Actually, one cartoon was made with Muggy Doo as a cat - it was called "Boy Pest with Osh" and it was theatrically released by Paramount. Hal Seeger produced and directed and Myron Waldman animated. Hal's wife Beverly Arnold was listed on the credits as "girl creator". The handful of Muggys that were made with him as a fox were used to pad out "The Milton The Monster Show", and were mostly animated by Waldman with one from I. Klein thrown in. In all these cartoons Herb Duncan did the voice of Muggy. Thanks for the looksee at the comics!

jim engel said...

I love Muggy Doo, and I also love Lucky Duck--they're the strips that got me interested in your dad's work in the first place (which for me was 30 years ago)...

The designs on those two characters are two of my favorite funny animals of all time (AND I love their color schemes, though I'm guessing Irv didn't do them---they have the typical "ignore the lines" colorist's approach of the era. Where your dad clearly intended Lucky Duck to have Daffy-Duckish yellow "beak-cheeks", Lucky got green "feather cheeks" instead). As for OSH, he's basically Kelly's Beauregard, lifted wholesale from POGO with nose-hatching and fez intact...

The really loose inking has a charm to it, though (like Gordon) I'd be interested in seeing what Irv's stuff would look like if he really took his time...

Thanks for starting this blog. I'm anxious to discover more about your dad and his work.

p spector said...

Thanks Jim,
I'm not sure where Seegar's idea for Muggy and his cast ends and my father's begins. I'm guessing that Seegar might have "described" him to him, maybe drawn a few ideas, and that was that. (Come to think of it, did Seegar draw?) Also, I'll be posting some Lucky Duck at some point in the near future. In actuality, I was aware you liked them, at least Lucky, from reading Scott's old CBR columns.

As far as his drawing style when he took more time, you might have seen his comic strip Coogy, which ran concurrent with these in the fifties. With those, it looks (to me) like he took more time in the composition, and tightened up the inking -- though still quite a "loose" feel.

- Paul

eeTeeD said...

the comic has a slight walt kelly look to it.

do you recall if your father was a fan of kelly's work?

mr. spector, i'd like to offer my thanks to you for putting together this blog, and for sharing your father's work and your memories. i am a huge fan of famous studios and the artists that worked there. their art has been an influence of my own.

p spector said...

Thanks eeTeeD,

Good pickup on the Kelly style.
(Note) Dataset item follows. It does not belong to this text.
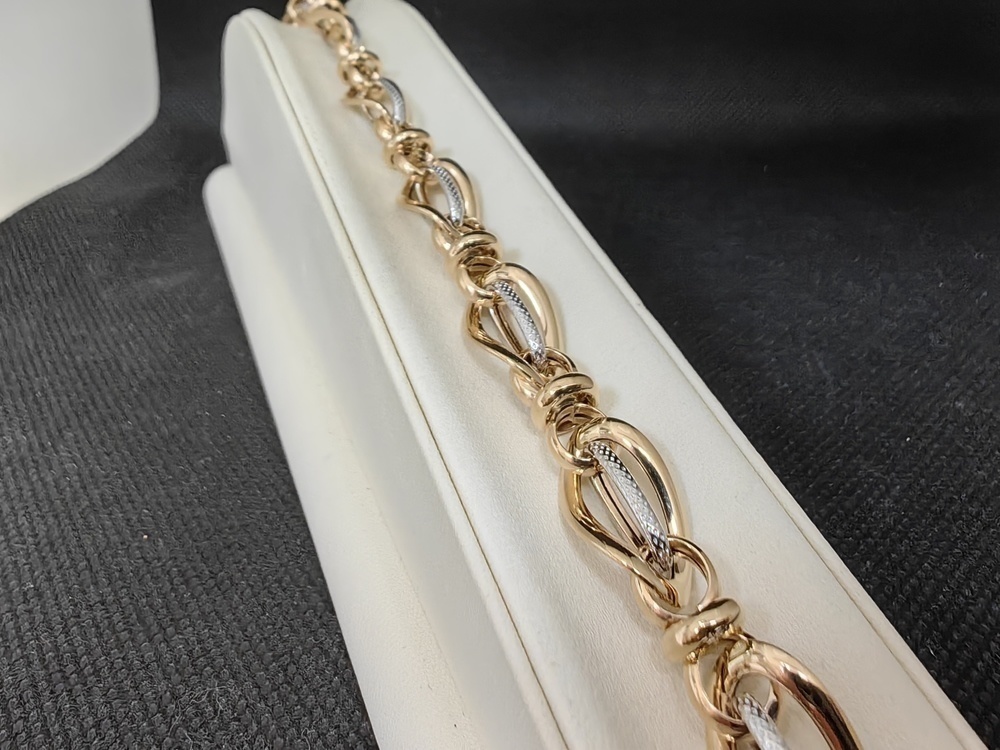 БРАСЛЕТ ФАНТАЗИЯ без камня (Au 585)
In his comic book and comic strip work, he went through several stylistic changes in the years after WWII. Cartoonist Scott Shaw once described his work on Lucky Duck as "Walt Kelly on quaaludes." I take that as a compliment. I'll be posting his strip in the future, with no mistaking that the Herald Tribune Syndicate wanted, and promoted it, in a Pogo-esque manner. The Muggy-Doo presented here is at the tail end of that.

Dave Mackey said...

Paul,

Hal Seeger (lots of people misspell it, you're not alone) definitely was an artist. He was an animator at the Fleischer studios and did draw the Betty Boop comic strip for a time (possibly at first as an assistant to Bud Counihan), but I think he gravitated more toward the production end by the time he opened his cartoon studio.
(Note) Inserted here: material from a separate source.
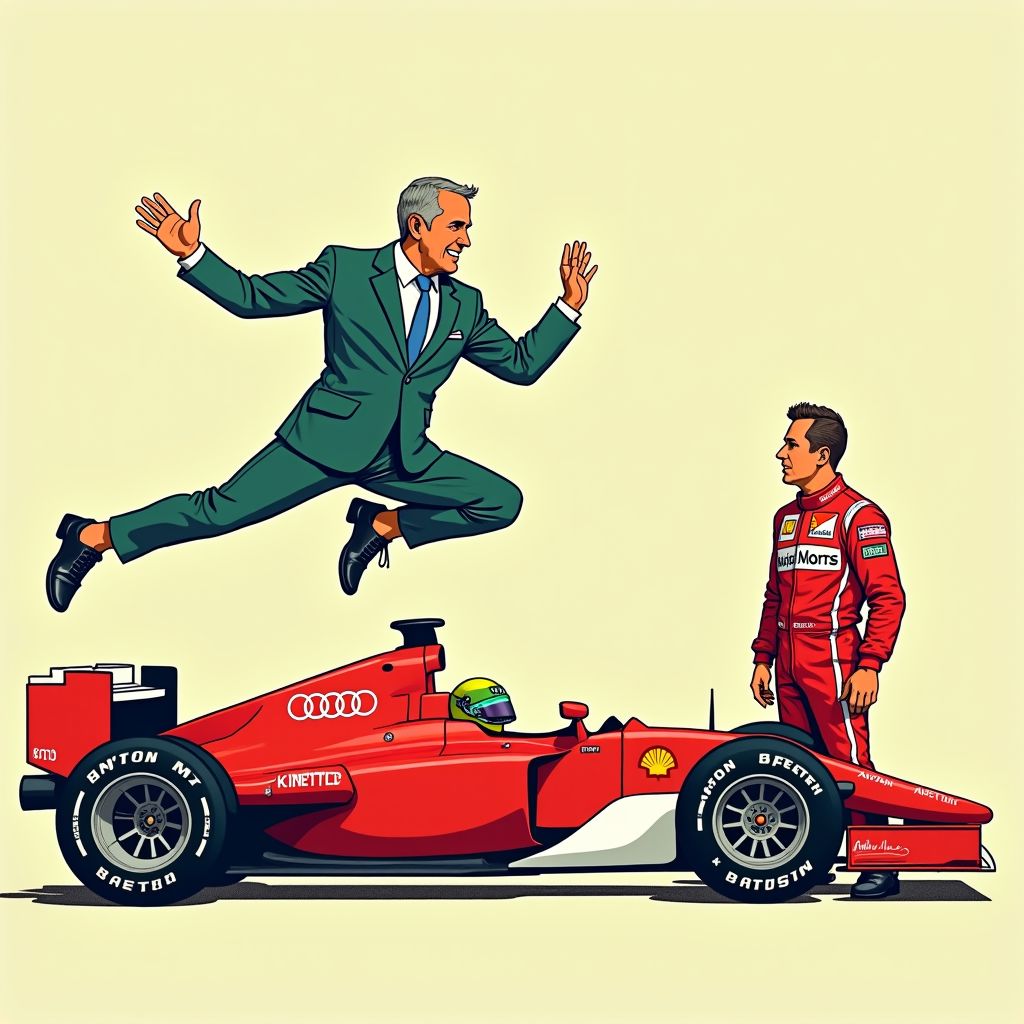 Jonathan Wheatley springt na amper een jaar van Audi naar Aston Martin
He wanted to branch out beyond cartoons, and he did get a few nice opportunities later on, mostly through his son's production company. The comic books were another avenue of expression for him and Spec helped bring it to life. (Lots of those Famous Studios guys were knee-deep into the comics world as well - Otto Feuer, Steve Muffatti, Dave Tendlar to name a few.)

But Hal was one of the ones that helped to nurture some of the newer design and animation talent on the scene like Bob Taylor and Bill Ackerman, and being able to combine guys with new ideas with the likes of old vets like Izzy Klein, Johnny Gent, Tendlar, etc. and still produce coherent, entertaining product took skill.